Ce qui frappe d’entrée dans ce long-métrage est tout d’abord la langue allemande, qui crée un véritable décalage avec le cadre américain où se déroule l’action. Les musiques et la mise en scène développent alors une ambiance baroque, flirtant avec le surréalisme où la cruauté et les sévices semblent sortir tout droit d’un cauchemar. Un sentiment de révolte est provoqué par la violence procédant des actes racistes à l’encontre de Whity, tentant de conserver sa dignité en toute situation. Avec ses cadrages exquis, ses costumes aux couleurs éclatantes, Whity chemine entre deux genres, positionné entre le western et le drame social. Fassbinder maîtrise autant le malaise du spectateur que l’horreur qu’il distille dans ses séquences. Un film étonnant et dérangeant, à la trajectoire atypique.

4 étoiles


Un couple d’artistes séparés par la montée du nazisme ; une chanson ignorée qui devint tout un symbole durant la Seconde Guerre Mondiale. Lili Marleen s’inspire librement de la vie de la chanteuse Lale Andersen, ici baptisée Willie et jouée par Hanna Schygulla – au sommet de son jeu d’actrice.

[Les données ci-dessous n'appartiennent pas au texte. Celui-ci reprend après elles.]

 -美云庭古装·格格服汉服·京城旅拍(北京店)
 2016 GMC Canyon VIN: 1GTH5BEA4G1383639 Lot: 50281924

A nouveau, Rainer Werner Fassbinder jongle avec les genres, le destin de sa protagoniste est autant un mélodrame qu’une fresque historique, avec de nombreuses séquences penchant vers l’espionnage. Si certains choix de mise en scène desservent aujourd’hui le film – notamment le montage sonore mais avant tout l’abondance de flare sur l’objectif, conférant parfois un aspect téléfilm à cette œuvre pourtant très soignée –, Lili Marleen reste un passionnant récit sur deux amants en péril à chaque instant : l’un parce qu’il est juif et résistant, l’autre parce qu’elle saisit sa chance au sein du IIIème Reich sans pour autant renier ses valeurs et son humanité. Parmi les aspects séduisants qui n’ont pas pris la moindre ride : la narration, d’une grande fluidité, apportée par un découpage elliptique audacieux et judicieux.
Fassbinder évoque dans ce film toute la puissance de la musique : union des êtres, soulèvement des masses et manipulations à toutes les échelles. Plus qu’une chanteuse sexy, Willie représente une sirène dans toute sa splendeur. Lili Marleen conjugue intelligence du regard sur l’Histoire et force narrative sur le plan fictionnel.